C’était le mari qui avait emmené les trois policiers jusqu’au salon, les avait priés de s’asseoir, alors que la femme pleurait toutes les larmes de son corps. Elle n’y avait pas cru, bien sûr, mais sans entrer dans le détail, Vic avait préféré être formel et sans ambiguïté dès le début : ils avaient découvert le corps d’une jeune fille au début de la semaine, dont l’ADN correspondait à celui de Sarah, aucun doute n’était possible. C’était bien elle, et elle était morte.
Le couperet de la vérité était tombé.
Vic détestait ces situations, cette partie du métier où les proches des victimes étaient à la fois vivantes et mortes, tuées par l’attente, l’espoir. D’ordinaire, pour de telles distances, on appelait la police locale, qui se chargeait d’aller informer la famille, parce qu’il n’était pas concevable de faire ce genre d’annonce par téléphone. Ces parents-là avaient vécu pendant des années dans l’ignorance, le doute, la douleur, ils avaient droit à tous les égards et, surtout, aux explications claires d’un professionnel. Mais quand Manzato, au gré d’un appel au commissariat de Berck, était tombé sur Colin Bercheron et que, de fil en aiguille, ce dernier en était venu à lui révéler les éléments tout récents et étranges de sa propre enquête, le chef avait décidé d’y envoyer V&V par le premier train.
Aussi, prévenu de leur arrivée et avant de les accompagner à la villa, Colin leur avait préparé — à contrecœur — le dossier de son enquête, puisqu’il y avait un lien évident entre les deux affaires.
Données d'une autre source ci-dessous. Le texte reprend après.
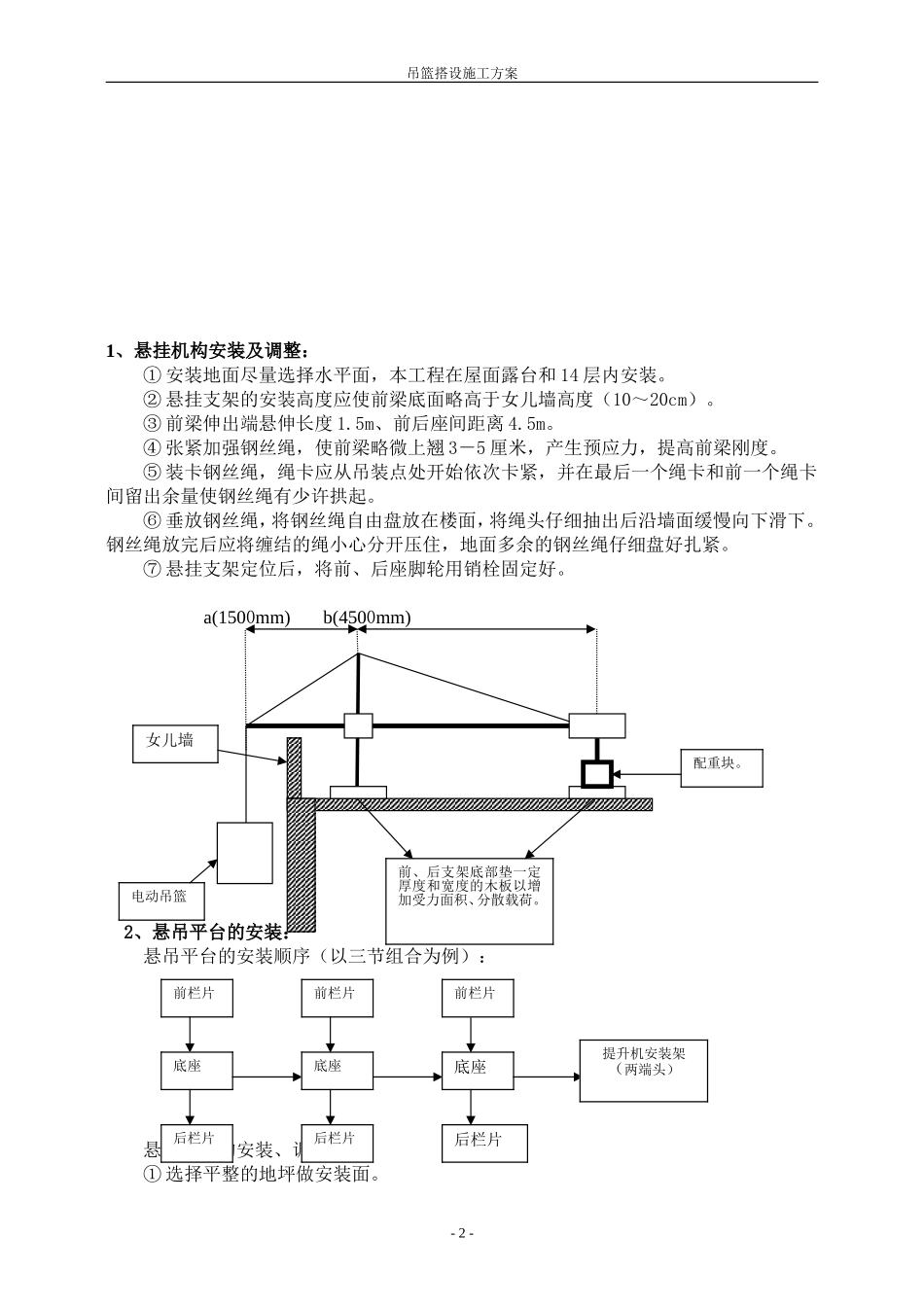 吊篮搭设施工方案_第2页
Debout dans le salon, Vic considéra le mari, dont Colin lui avait expliqué l’amnésie suite à une agression. Il suivait le dossier Jeanson de près, il savait que ce père n’avait eu de cesse de rechercher sa fille, avait réclamé le corps, prêt à en découdre. Un bagarreur de l’impossible au visage marqué, blessé, devenu un voyageur sans bagages. Quant à la femme, Léane, il n’ignorait pas qu’elle était une célèbre romancière écrivant sous pseudonyme et dont il avait déjà eu l’occasion de lire quelques livres.
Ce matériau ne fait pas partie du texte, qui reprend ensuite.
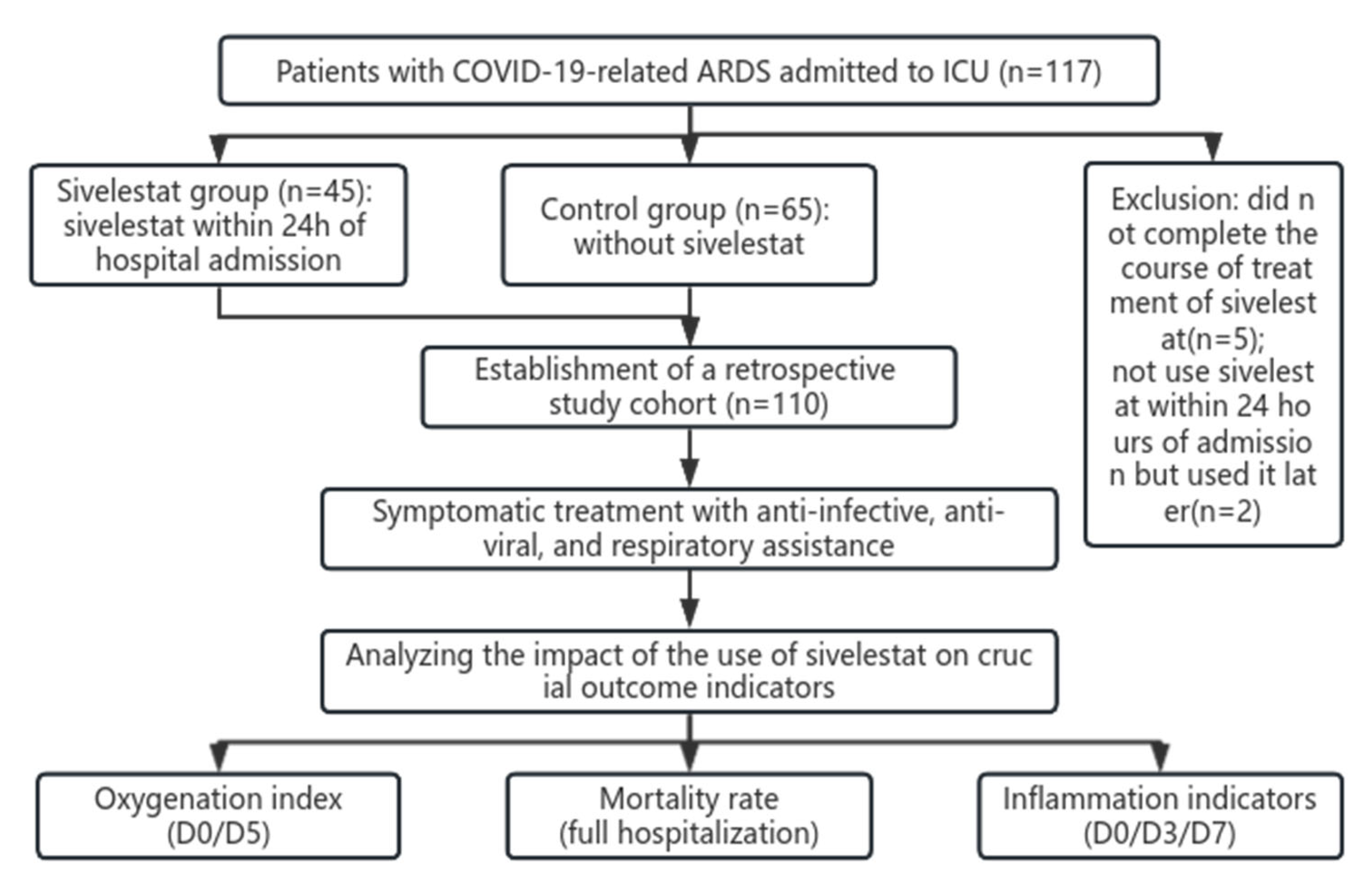 Pharmaceuticals 17 00368 g004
Colin gardait ses distances, en bon professionnel, mais il souffrait en silence de la découverte du cadavre, de ne pas en savoir autant qu’il voudrait, de ne pouvoir réconforter Léane dans ses bras, lui témoigner son soutien, partager sa douleur. Pas maintenant, pas devant les autres. Elle leva alors les yeux vers lui, vers eux — même regard noir, comme si elle les rangeait dans le même sac, des flics qui faisaient leur job —, des yeux rouges, gonflés, ceux d’une personne en sursis.
— Je veux la voir. Je veux voir ma fille.
Vic pinça les lèvres.
— Elle repose à l’institut médico-légal de Grenoble. Vous savez, je me dois d’être franc avec vous : vous ne la reconnaîtrez pas. Je… Je suis désolé. Le corps est trop abîmé, il ne possède plus aucun signe distinctif. Il n’y avait aucun moyen de nous rendre compte que la Sarah du coffre dans lequel nous l’avons trouvée était la même que celle dont les collègues possédaient les photos. Quatre ans se sont écoulés, la coupe de cheveux était différente, et le visage…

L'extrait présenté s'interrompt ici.